(Image-text web data)
=== Section Start ===

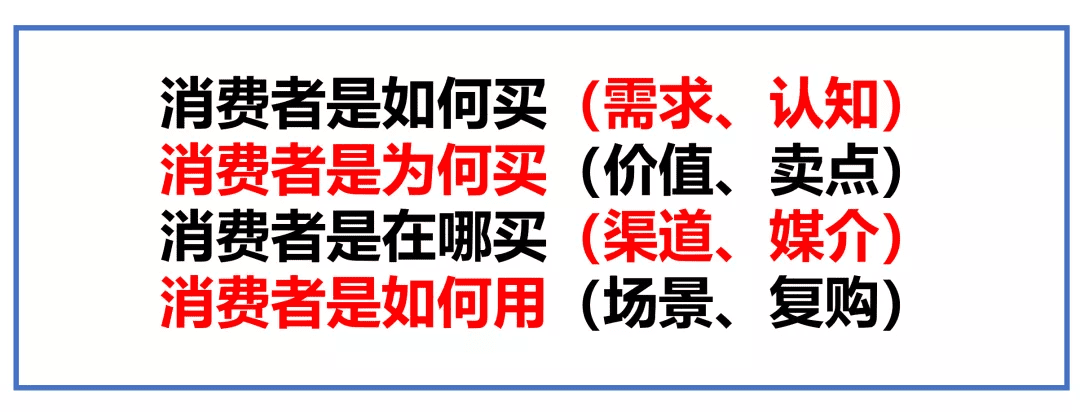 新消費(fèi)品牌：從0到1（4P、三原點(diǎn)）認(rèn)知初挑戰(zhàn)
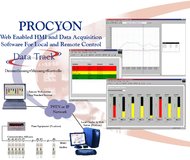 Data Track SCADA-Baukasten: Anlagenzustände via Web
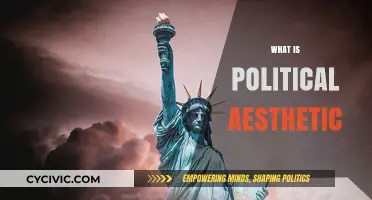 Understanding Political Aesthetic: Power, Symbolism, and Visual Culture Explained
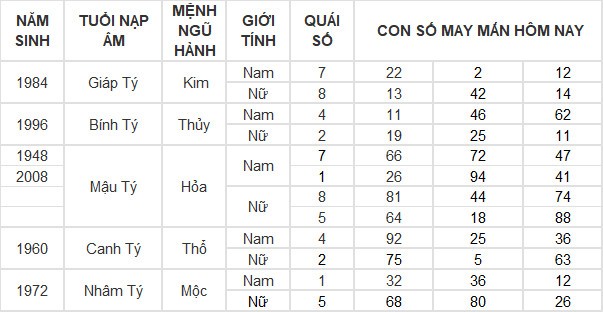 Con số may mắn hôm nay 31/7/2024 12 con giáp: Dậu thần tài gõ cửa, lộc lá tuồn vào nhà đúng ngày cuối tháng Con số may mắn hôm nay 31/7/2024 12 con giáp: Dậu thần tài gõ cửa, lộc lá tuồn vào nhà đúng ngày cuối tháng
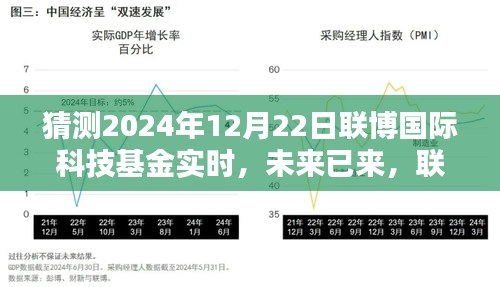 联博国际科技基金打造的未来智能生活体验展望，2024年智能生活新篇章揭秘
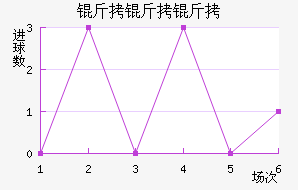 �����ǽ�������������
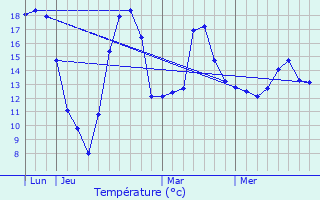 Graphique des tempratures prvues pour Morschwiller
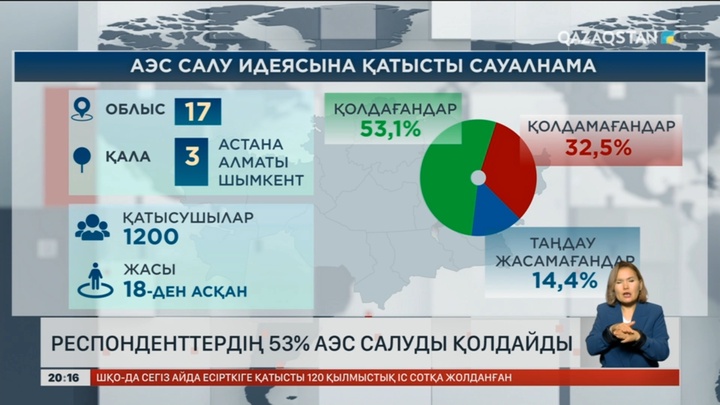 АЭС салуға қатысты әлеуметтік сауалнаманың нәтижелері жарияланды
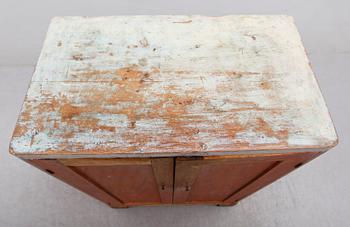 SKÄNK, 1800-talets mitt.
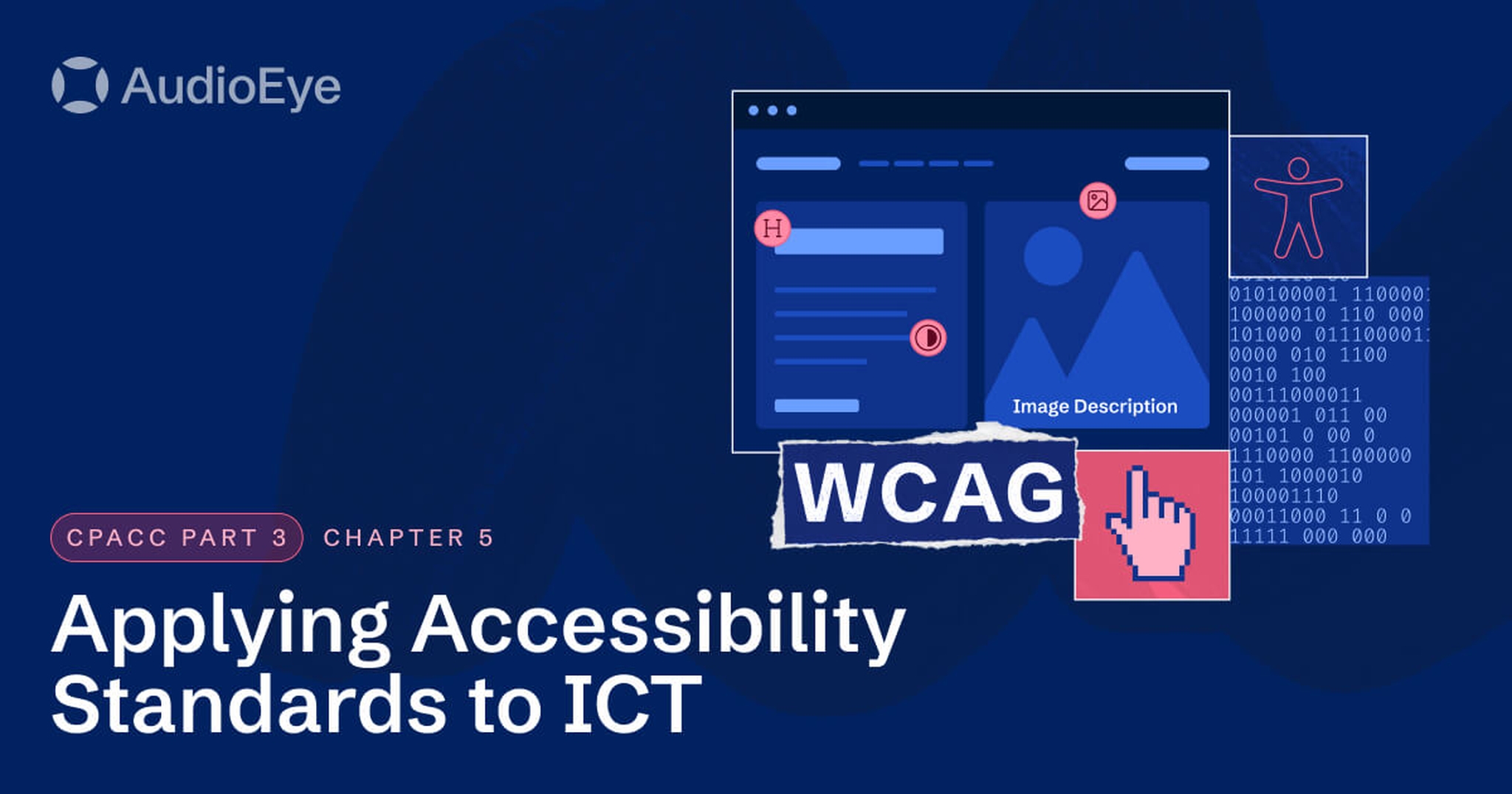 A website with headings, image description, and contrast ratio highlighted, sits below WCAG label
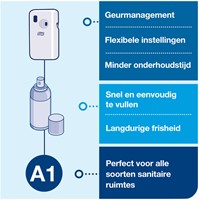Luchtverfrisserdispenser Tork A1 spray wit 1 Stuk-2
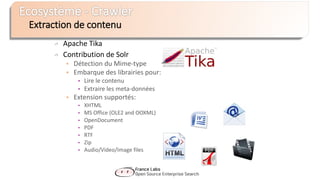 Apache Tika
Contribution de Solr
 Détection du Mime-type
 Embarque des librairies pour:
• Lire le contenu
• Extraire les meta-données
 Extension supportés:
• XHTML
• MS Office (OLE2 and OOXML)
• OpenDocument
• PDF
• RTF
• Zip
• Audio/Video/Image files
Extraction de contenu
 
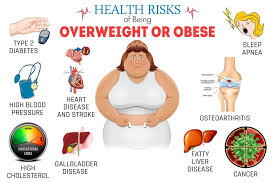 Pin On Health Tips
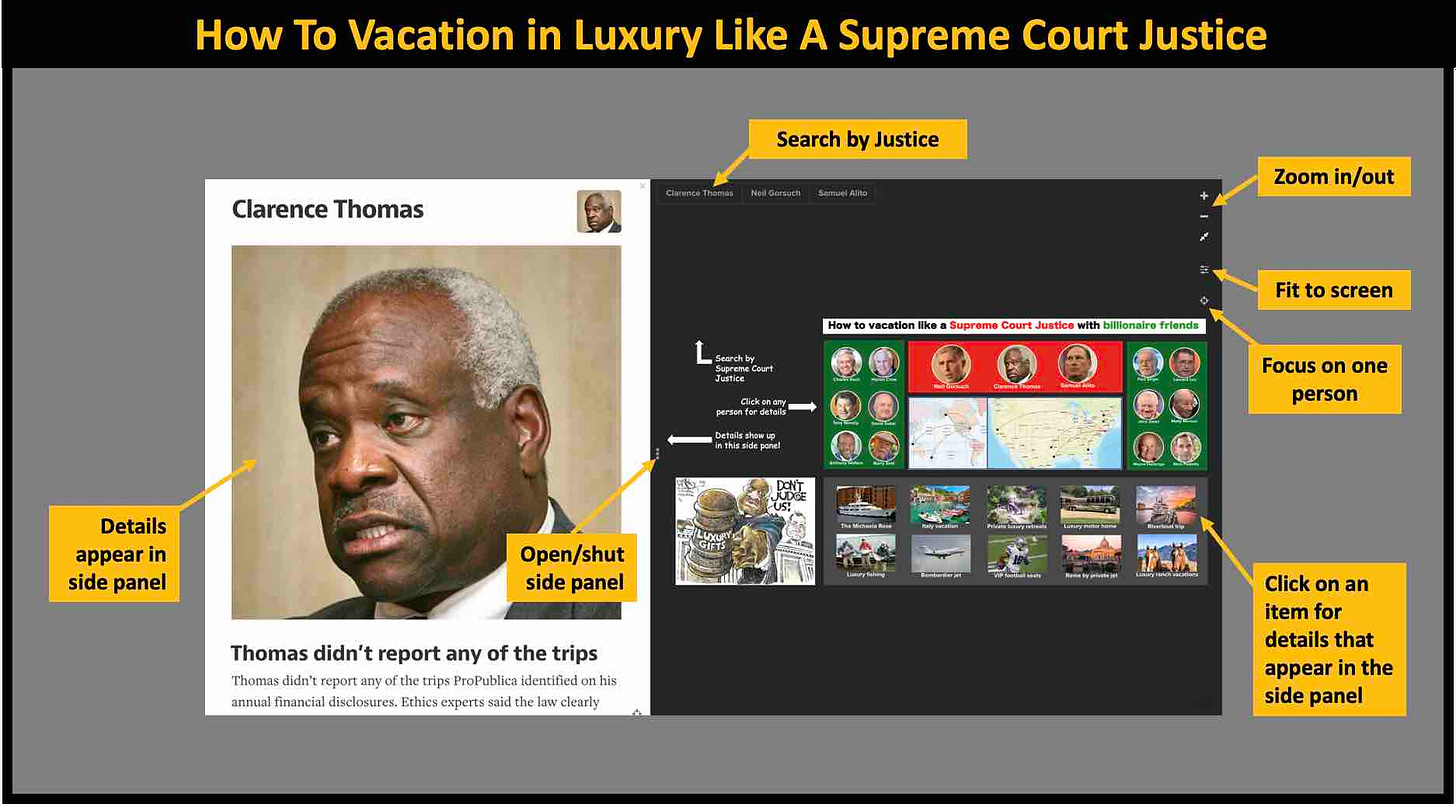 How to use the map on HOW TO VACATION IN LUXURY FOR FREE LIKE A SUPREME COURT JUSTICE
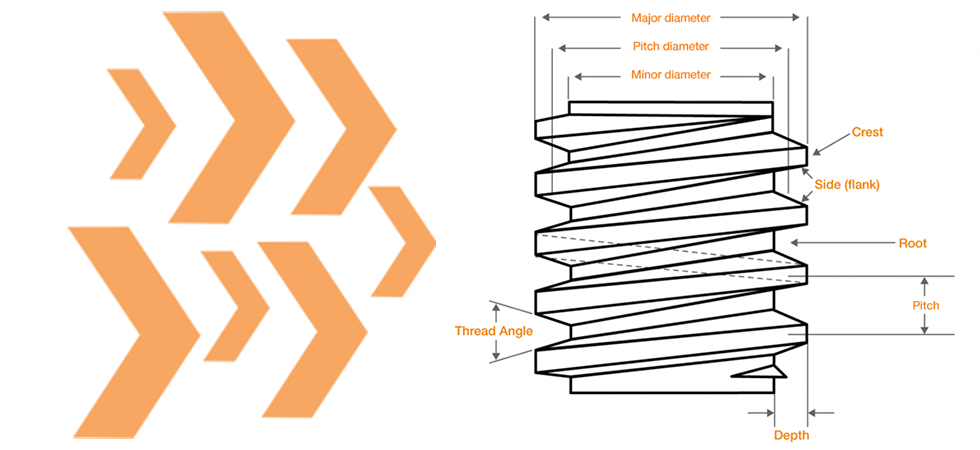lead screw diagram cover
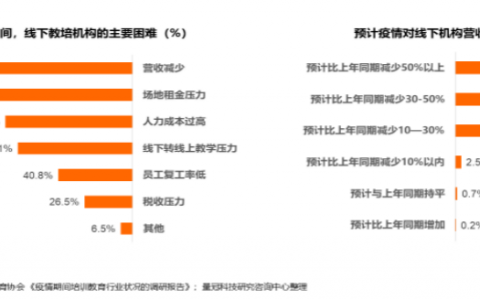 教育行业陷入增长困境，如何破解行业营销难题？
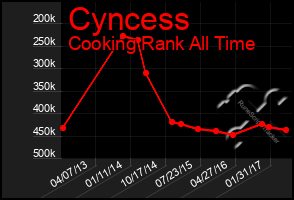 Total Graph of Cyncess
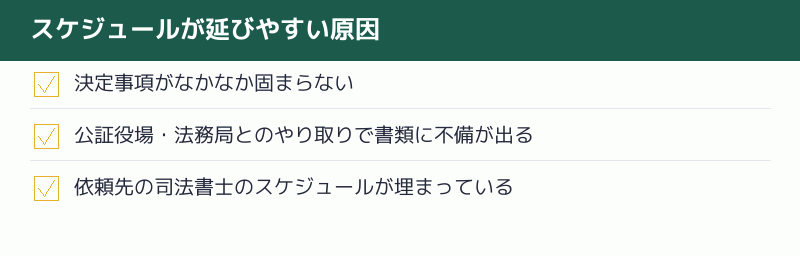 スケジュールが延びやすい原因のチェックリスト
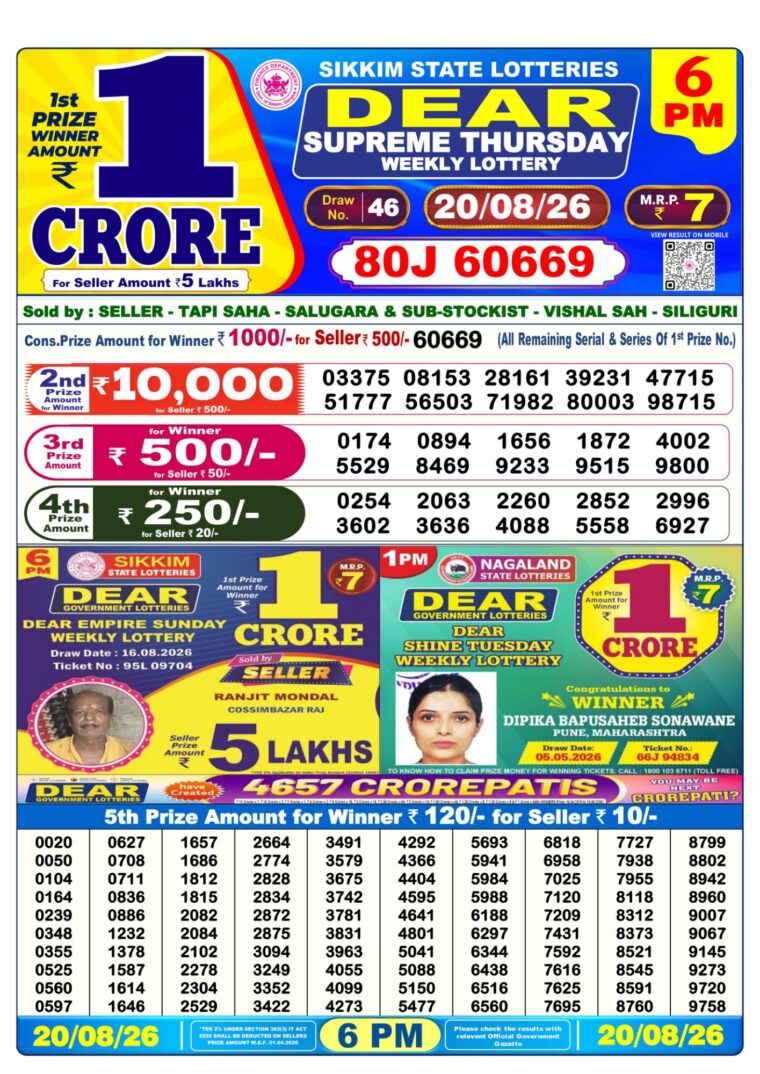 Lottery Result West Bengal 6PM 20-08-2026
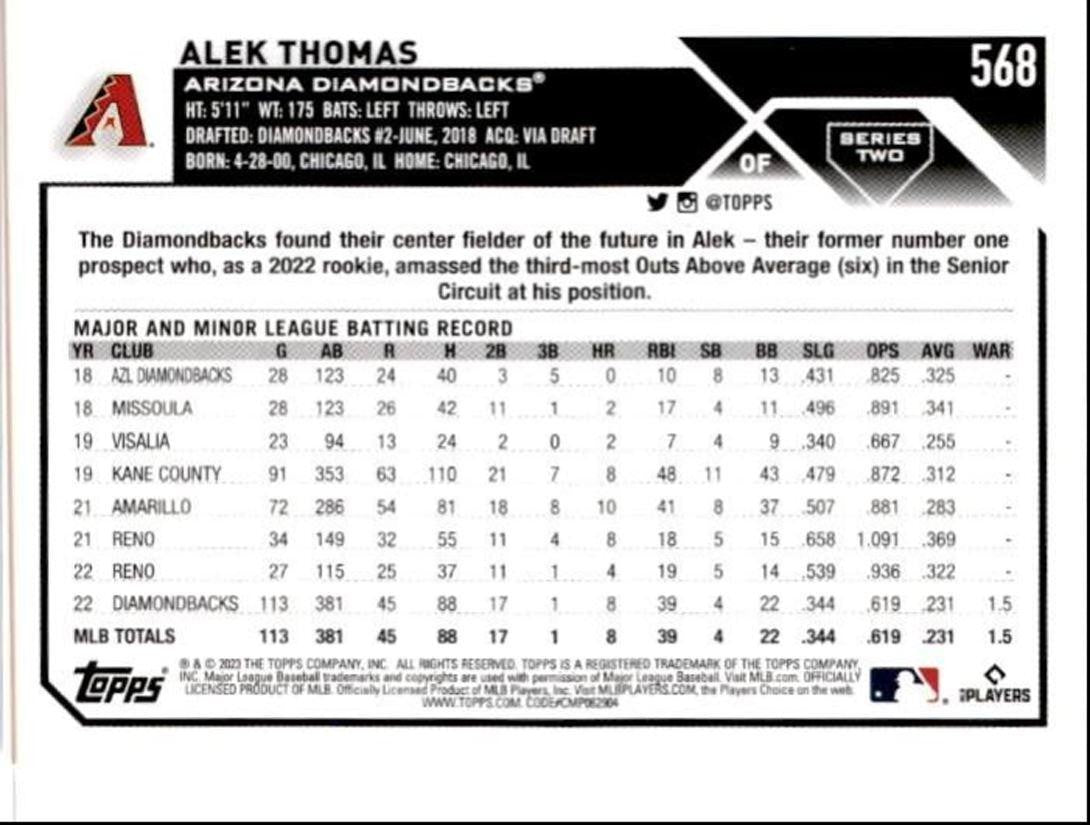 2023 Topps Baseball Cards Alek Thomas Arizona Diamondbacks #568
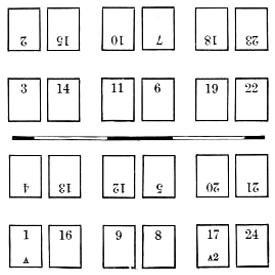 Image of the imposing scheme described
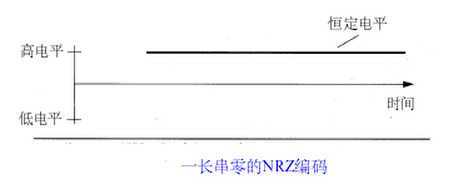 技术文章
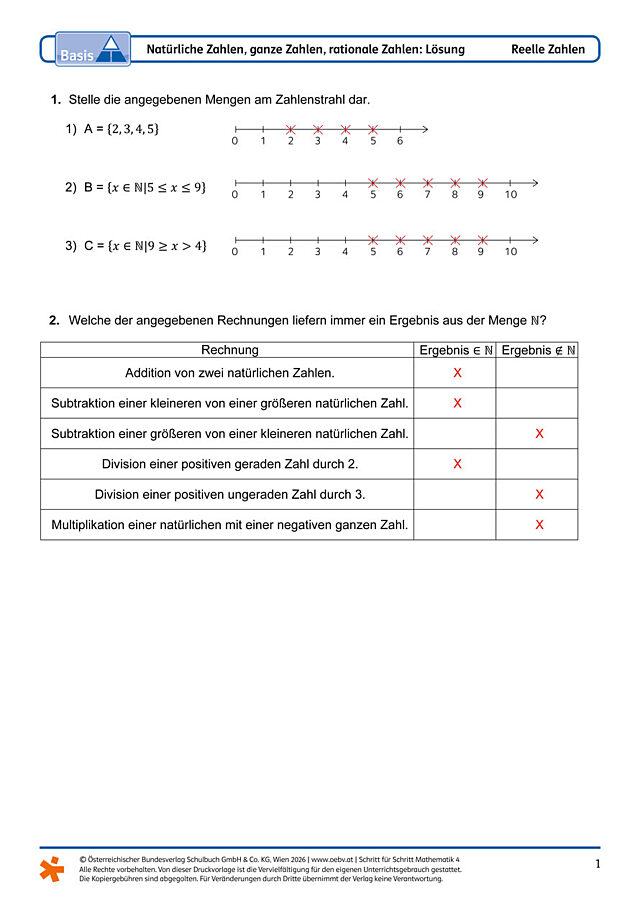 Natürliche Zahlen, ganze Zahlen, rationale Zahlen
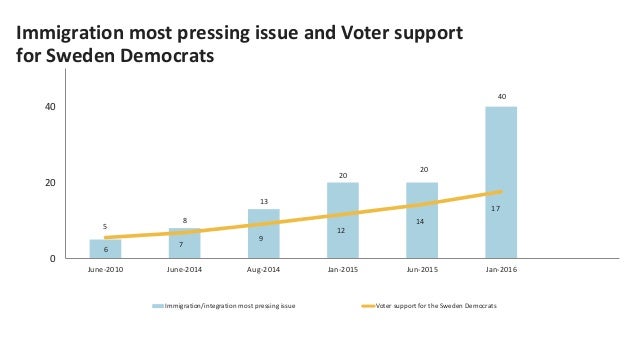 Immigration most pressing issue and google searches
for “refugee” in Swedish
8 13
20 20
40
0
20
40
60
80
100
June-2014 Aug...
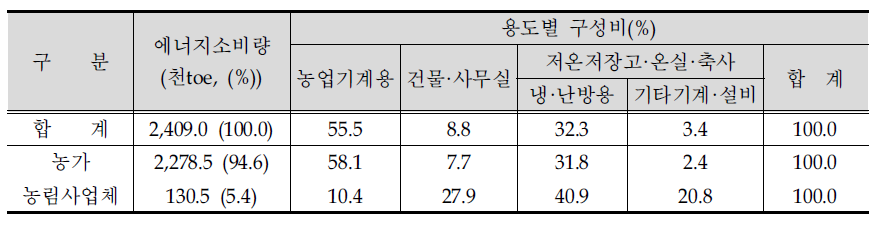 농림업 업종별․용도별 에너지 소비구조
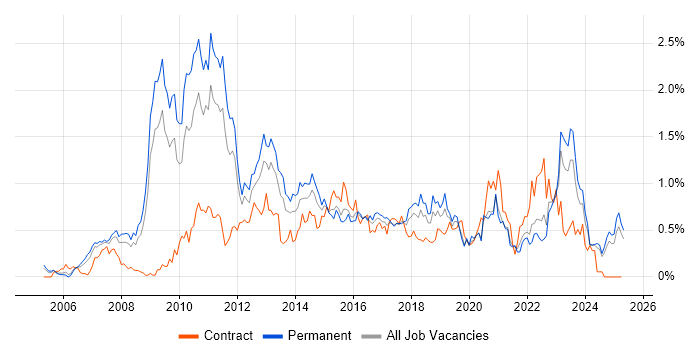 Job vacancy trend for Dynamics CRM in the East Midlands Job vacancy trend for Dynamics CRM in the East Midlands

=== Section End ===

## Task details:
Retype the data in full. Images do not go in the copy.

## Task answer:
 新消費(fèi)品牌：從0到1（4P、三原點(diǎn)）認(rèn)知初挑戰(zhàn)
 Data Track SCADA-Baukasten: Anlagenzustände via Web
 Understanding Political Aesthetic: Power, Symbolism, and Visual Culture Explained
 Con số may mắn hôm nay 31/7/2024 12 con giáp: Dậu thần tài gõ cửa, lộc lá tuồn vào nhà đúng ngày cuối tháng Con số may mắn hôm nay 31/7/2024 12 con giáp: Dậu thần tài gõ cửa, lộc lá tuồn vào nhà đúng ngày cuối tháng
 联博国际科技基金打造的未来智能生活体验展望，2024年智能生活新篇章揭秘
 �����ǽ�������������
 Graphique des tempratures prvues pour Morschwiller
 АЭС салуға қатысты әлеуметтік сауалнаманың нәтижелері жарияланды
 SKÄNK, 1800-talets mitt.
 A website with headings, image description, and contrast ratio highlighted, sits below WCAG label
Luchtverfrisserdispenser Tork A1 spray wit 1 Stuk-2
 Apache Tika
Contribution de Solr
 Détection du Mime-type
 Embarque des librairies pour:
• Lire le contenu
• Extraire les meta-données
 Extension supportés:
• XHTML
• MS Office (OLE2 and OOXML)
• OpenDocument
• PDF
• RTF
• Zip
• Audio/Video/Image files
Extraction de contenu
 
 Pin On Health Tips
 How to use the map on HOW TO VACATION IN LUXURY FOR FREE LIKE A SUPREME COURT JUSTICE
lead screw diagram cover
 教育行业陷入增长困境，如何破解行业营销难题？
 Total Graph of Cyncess
 スケジュールが延びやすい原因のチェックリスト
 Lottery Result West Bengal 6PM 20-08-2026
 2023 Topps Baseball Cards Alek Thomas Arizona Diamondbacks #568
 Image of the imposing scheme described
 技术文章
 Natürliche Zahlen, ganze Zahlen, rationale Zahlen
 Immigration most pressing issue and google searches
for “refugee” in Swedish
8 13
20 20
40
0
20
40
60
80
100
June-2014 Aug...
 농림업 업종별․용도별 에너지 소비구조
 Job vacancy trend for Dynamics CRM in the East Midlands Job vacancy trend for Dynamics CRM in the East Midlands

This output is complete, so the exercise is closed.